GM HOLDEN has today announced two important steps in the transition of its dealer network, as the company implements its plan to wind-down sales, engineering and design operations.
The company will extend until 30 June 2020 the date by which dealers can accept the current offer from Holden.
Separately, GM Holden will participate in a dispute resolution process to assist in resolving discussions the company has been having with dealers since February.
The company has proposed conducting the dispute resolution in the first half of June, and it will include discussing further the detailed and extensive information that we have provided to dealers and their representatives, including analysis carried out by PricewaterhouseCoopers, which fully explains the fairness of the company’s offer and dispels misinformation about it.
Today’s announcement follows GM Holden’s constructive engagement with the Australian Competition and Consumer Commission.
GM Holden’s current offer to dealers remains open for acceptance until 30 June, as has already occurred. It is noted that good faith participation in dispute resolution does not oblige a participant to accept, make, change or increase any offer of compensation.
Extending the date of acceptance will also provide further time for the few dealers which have not yet provided documentation to review their claims around facility investments.
GM Holden firmly believes it has operated in good faith and that its offer is fair and reasonable. The company continues to seek an outcome that supports the transition for dealers and ongoing support for existing customers.
As the company has stated previously, GM Holden wants an ongoing relationship with dealers and it does wish to provide them with the opportunity, as part of a compensation package, to enter into an ongoing long-term service and parts supply agreement.
The Minister for Industry, Science and Technology, Karen Andrews, said: “The Morrison Government welcomes GM Holden’s guarantee to negotiate with car dealers in good faith, after its decision to withdraw from the Australian market.
“Today’s commitment from GM Holden to the Australian Competition and Consumer Commission (ACCC) is positive progress toward a fair compensation package for dealers and their employees.
“From the beginning I have said GM Holden must do the right thing by the Aussie dealers who’ve carried their brand – many of them for decades.
“I wrote to GM Holden last week to express my concern that negotiations were becoming increasingly difficult, and reiterate the Government’s expectation that they work to achieve a fair outcome.
“It is clear that GM Holden has gained significant benefit from Australian consumers, dealers and Government over the years.
“GM Holden needs to keep that in mind as negotiations progress – and should know the Australian Government and the ACCC are watching closely.
“I am very disappointed that the ACCC has found that GM Holden was placing undue pressure on dealers to accept their compensation package by 31 May.”

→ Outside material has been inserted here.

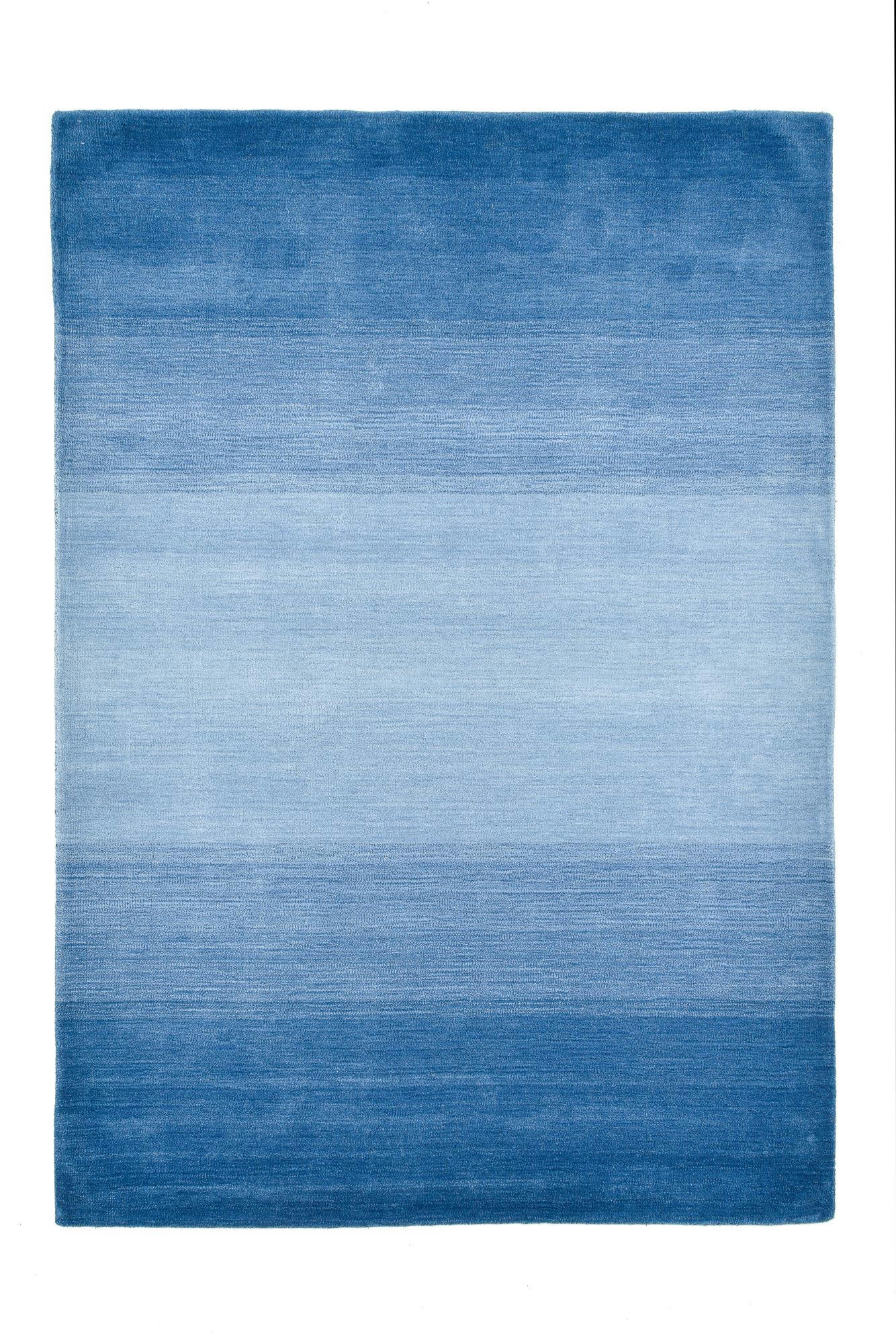 WOOL COMFORT - Tapis dégradé de couleur en laine bleu 60x90 cm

“The ACCC found this deadline was ‘unnecessary and unfair’ and has advised it was preparing for court action had GM Holden not changed its position.
“GM Holden also committed to meeting its obligations more generally under the Franchising Code and the Dealer Agreement Dispute Resolution provisions.
“Despite today’s agreement, the ACCC will continue its broader investigation into GM Holden’s engagement with dealers in relation to its withdrawal from Australia.”
Australian Automotive Dealers Association
AADA CEO James Voortman said: “There is a sense of relief among Holden dealers and they are incredibly grateful that the ACCC pressured GM to extend the deadline for its compensation offer and to engage in good faith negotiations with dealers.
“Dealers are already struggling with the worst trading conditions on record and were then given an end of May deadline by GM to accept an offer described by all of the Holden dealers I have spoken to as unacceptable.
“General Motors’ treatment of the 185 Holden dealers has been disappointing to say the least, but this represents an opportunity for them to sit down with the dealer network and develop a fair and reasonable plan to compensate these dealers.
“Many of these dealers have represented Holden for decades, some for over 70 years. They have made significant investment in facilities, equipment, stock and training. They deserve reasonable compensation.
“The ACCC is well aware of power imbalance between dealers and offshore manufacturers which it revealed in its 2017 New Car Retail Market study.
“It’s not just the car companies pulling out of Australia who are a threat to local dealers but the unfair terms that many of them face in their commercial arrangements are an ongoing problem, not just for the local dealers but also for Australian consumers and small business who rely on them.
“That is why AADA has been working with the Government on draft automotive franchising laws due to be finalised in the coming weeks. It is crucial that these laws are strengthened so that Dealers are given protections similar to those afforded to Dealers in countries like the US and the EU.